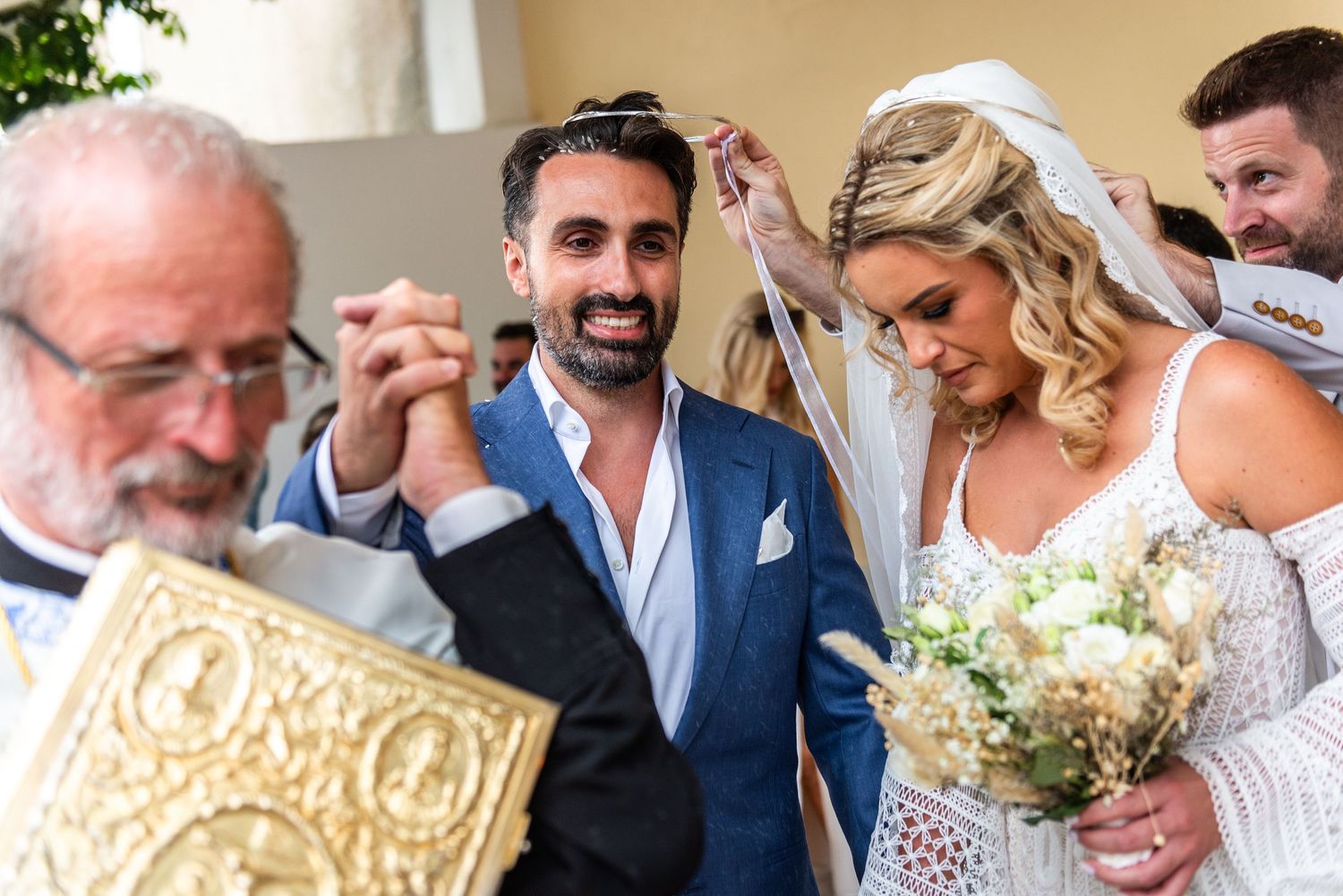 Wedding celebration with guests enjoying candid moments outdoors.
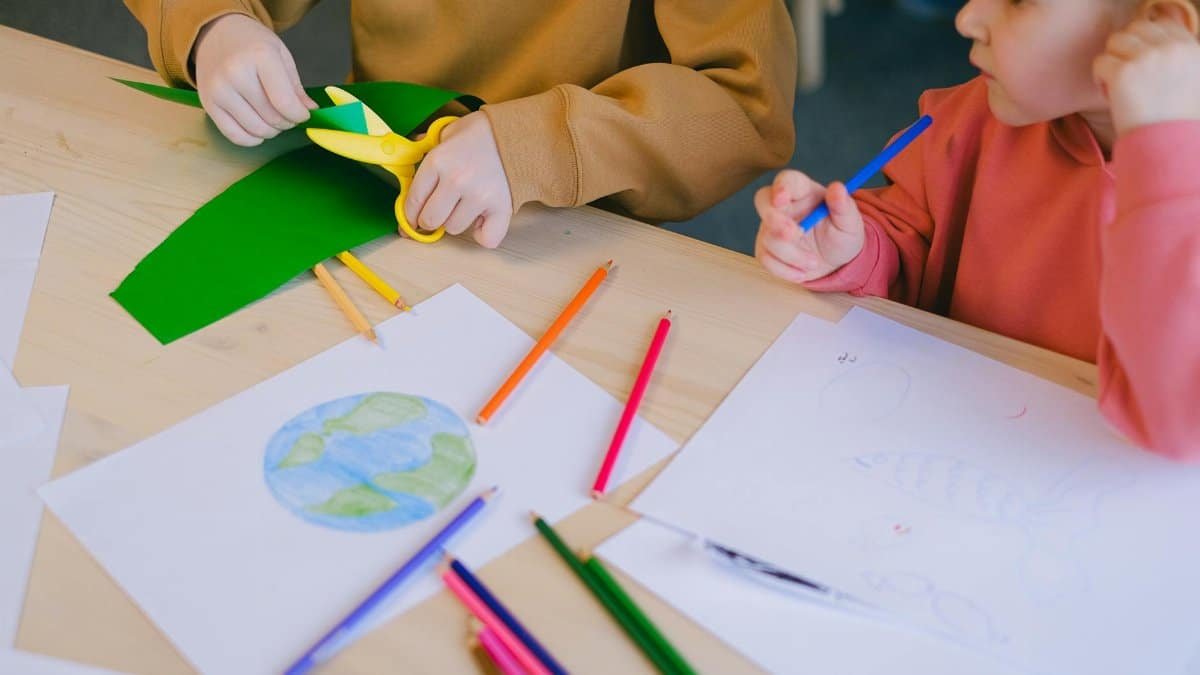 Children explore creativity with drawing and cutting activities focused on ecology.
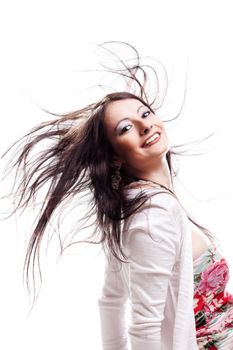 beautiful girl with hair in the air, smiling and looking at camera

• _Task instructions_: Set down the material above exactly. Skip any picture.

• _Solution for this task_:
 Wedding celebration with guests enjoying candid moments outdoors.
 Children explore creativity with drawing and cutting activities focused on ecology.
 beautiful girl with hair in the air, smiling and looking at camera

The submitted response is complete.